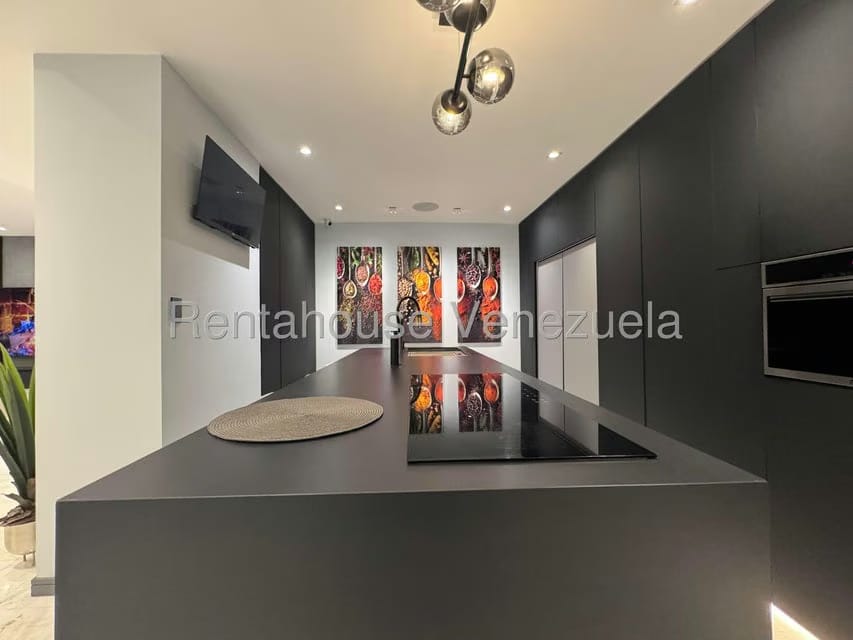 Apartamento (1 Nivel) en Venta en Escampadero, Distrito Metropolitano - 12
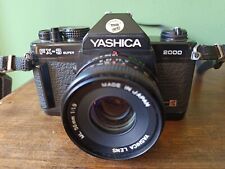 Yashica fx3 super usato  Torino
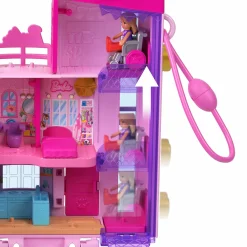 Polly Pocket Barbie Dreamhouse Compact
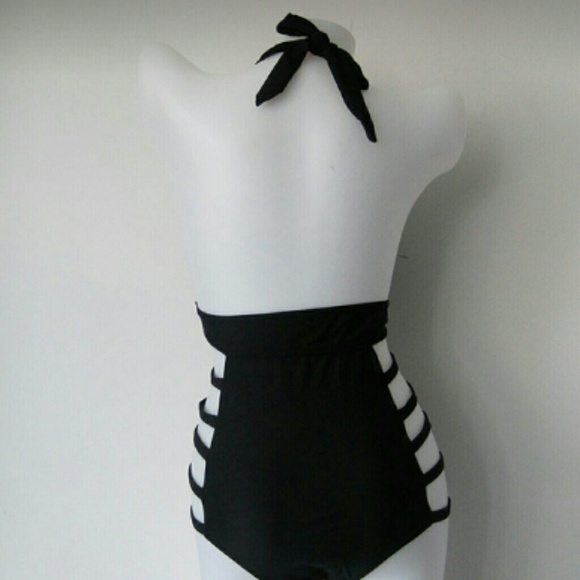 1 LEFT! SEXY MONOKINI - Picture 4 of 5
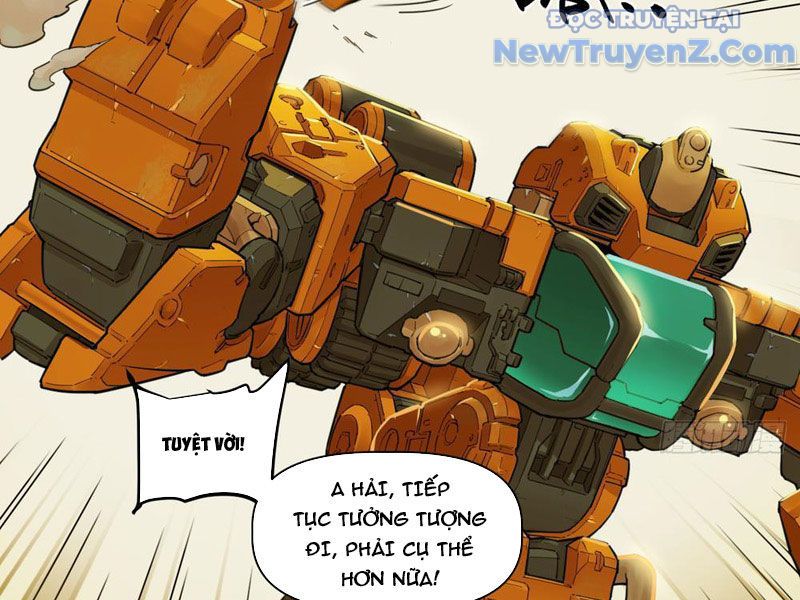 Hộp Mãnh Thú: Kỷ Nguyên Cơ Giáp - Chapter 28 - Page 67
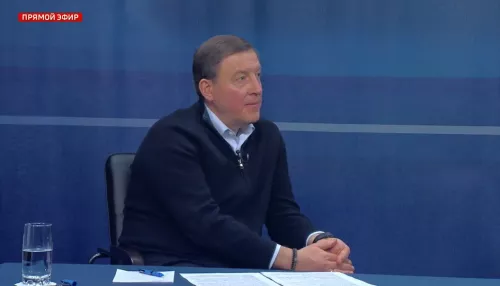 Андрей Турчак рассказал о газификации в регионе и где не ждать голубого топлива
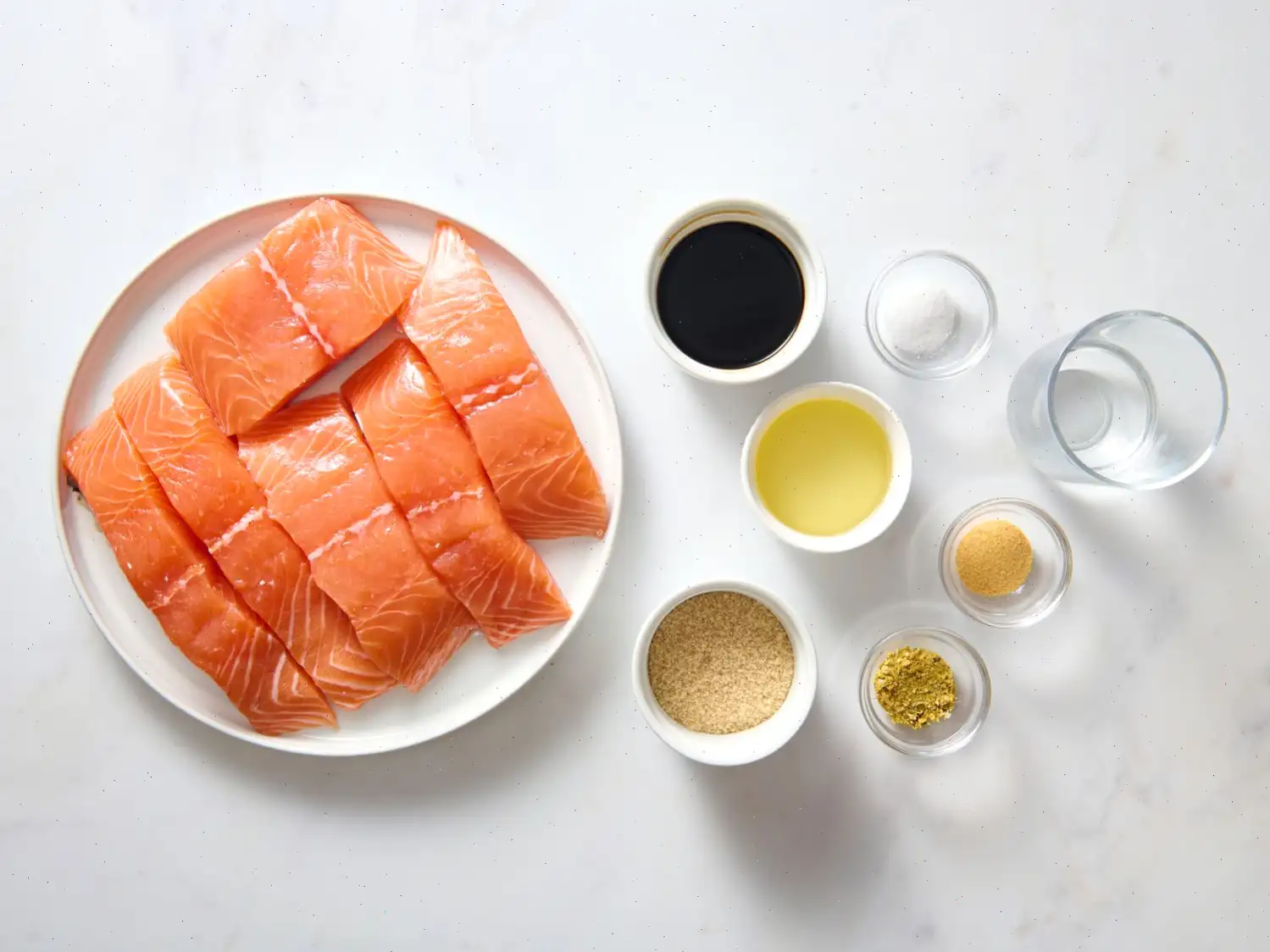 Grilled Salmon Recipe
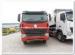 HOWO A7 DUMP TRUCK 6X4 with HW76 plat roof cab with double berth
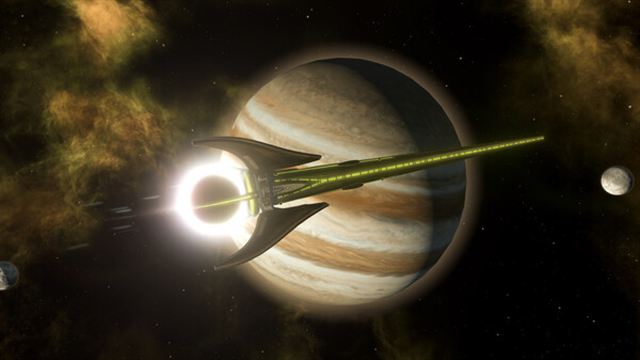 Hình ảnh trong game Stellaris The Machine Age-RUNE Hình ảnh trong game Stellaris The Machine Age-RUNE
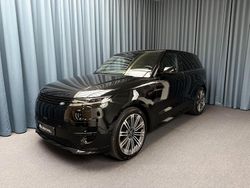 Flerfärgad (santorini black) Ny 2025 Land Rover Range Rover Sport HSE Dynamic SUV | 1 495 000 kr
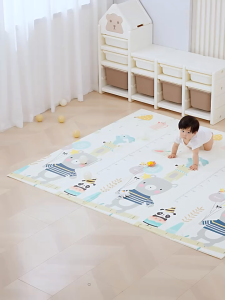 Anakkid---XPE foldable crawling mat/baby crawling mat/foam fence mat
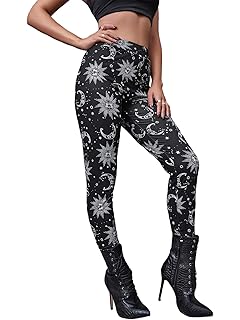 plaid skinny leggings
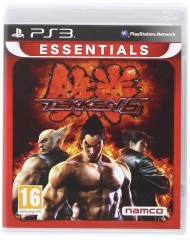 Tekken 6 Essentials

Work to be completed
From the first line to the last, transcribe the listing exactly; skip the pictures.

Reply
 Apartamento (1 Nivel) en Venta en Escampadero, Distrito Metropolitano - 12
 Yashica fx3 super usato  Torino
 Polly Pocket Barbie Dreamhouse Compact
 1 LEFT! SEXY MONOKINI - Picture 4 of 5
 Hộp Mãnh Thú: Kỷ Nguyên Cơ Giáp - Chapter 28 - Page 67
 Андрей Турчак рассказал о газификации в регионе и где не ждать голубого топлива
 Grilled Salmon Recipe
 HOWO A7 DUMP TRUCK 6X4 with HW76 plat roof cab with double berth
 Hình ảnh trong game Stellaris The Machine Age-RUNE Hình ảnh trong game Stellaris The Machine Age-RUNE
 Flerfärgad (santorini black) Ny 2025 Land Rover Range Rover Sport HSE Dynamic SUV | 1 495 000 kr
 Anakkid---XPE foldable crawling mat/baby crawling mat/foam fence mat
 plaid skinny leggings
 Tekken 6 Essentials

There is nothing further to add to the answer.